# A problem with displaying of the site using the FORUM top button



## Wurger (Apr 14, 2011)

Hi Guys,

Has anybody had any trouble with displaying of the site or the site refreshing, using the top button "FORUM" for instance? ( Internal server error http 500 )


----------



## BikerBabe (Apr 14, 2011)

Nope, no probs here.


----------



## Wurger (Apr 14, 2011)

OK. Thank you for your answer Maria. But could you post what the OS and the net browser you use?


----------



## N4521U (Apr 14, 2011)

I use Firefox and have no problem Wurger.


----------



## Wurger (Apr 14, 2011)

OK. THX.


----------



## BikerBabe (Apr 14, 2011)

Wurger said:


> OK. Thank you for your answer Maria. But could you post what the OS and the net browser you use?


 
Oh, sorry: XP and Chrome, Firefox and IE. Tested all three browsers, no probs.


----------



## Crimea_River (Apr 14, 2011)

IE and Firefox here. No problems


----------



## N4521U (Apr 15, 2011)

I have encountered our old problem of being an attack site. I set my Firefox to reject attack sites and when I hit my bookmark it listed us as an attack site and wouldn't open, Had to go back an unselect it. I thought this was taken care of?


----------



## Wurger (Apr 15, 2011)

It should have been.... However it might be a fault of your cookies. Just your Firefox uses these used when the warning was issued.


----------



## Gnomey (Apr 15, 2011)

Noticed on a number of occasions, that the page will load with just showing a plain blank white page, a reload, loads the forum up. Happens on both Vista and XP using Firefox 4. Not a big issue and doesn't really bother me but it is there occasionally.


----------



## DerAdlerIstGelandet (Apr 15, 2011)

I have that happen, but once I refresh it loads properly.


----------



## Wurger (Apr 15, 2011)

Thank you guys. Exactly the same happened to me using both IE6+Win98SE and Firefox+Vista OS.

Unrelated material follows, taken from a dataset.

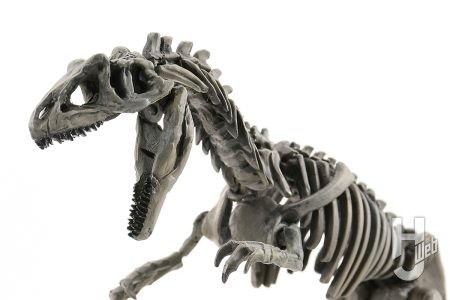 ステゴサウルスの好敵手「アロサウルス」を復元!!「プラノサウルス ギガノトサウルス」を改造して最新版骨格を再現！【プラノサウルス復元プロジェクト】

Any problems with accessing PMs ?


----------



## DerAdlerIstGelandet (Apr 15, 2011)

None for me so far.


----------



## Lucky13 (Apr 15, 2011)

Only that I get that the paged can not be found, or that it loads in plain white with just the text here and there, much like what happpend before...


----------



## Wurger (Apr 15, 2011)

THX Jan.


----------



## woljags (Apr 15, 2011)

i have trouble opening the sticky posts like new kit purchases/bought etc but keep being told its my end i don't have trouble with anything else on the site,i'm running windows xp and macafey


----------



## Wurger (Apr 16, 2011)

OK.sticky posts.. what kind of troubles do these cause to you?


----------



## woljags (Apr 16, 2011)

i get an error message saying cannot open the site maybe experencing problems refresh to try again,when you refresh you get the same message,i'm not computer savvy so it could be my end but i don't have this trouble anywhere else,i moderate for the DLOC website and we had issues with unsafe posts being put on the site so we had to set the site firewalls higher to stop it,is it possable that the site security is stopping me from opening these type of posts


----------



## Wurger (Apr 16, 2011)

OK. THX for the info. Does the DLOC stand for Daimler and Lanchester Owners' Club ?


----------



## woljags (Apr 16, 2011)

yes it does


----------



## Wurger (Apr 16, 2011)

OK. I wasn't sure. THX.


----------



## Airframes (Apr 17, 2011)

No problems here Wojtek - using XP and Chrome.


----------



## Wurger (Apr 19, 2011)

Thx Terry.


----------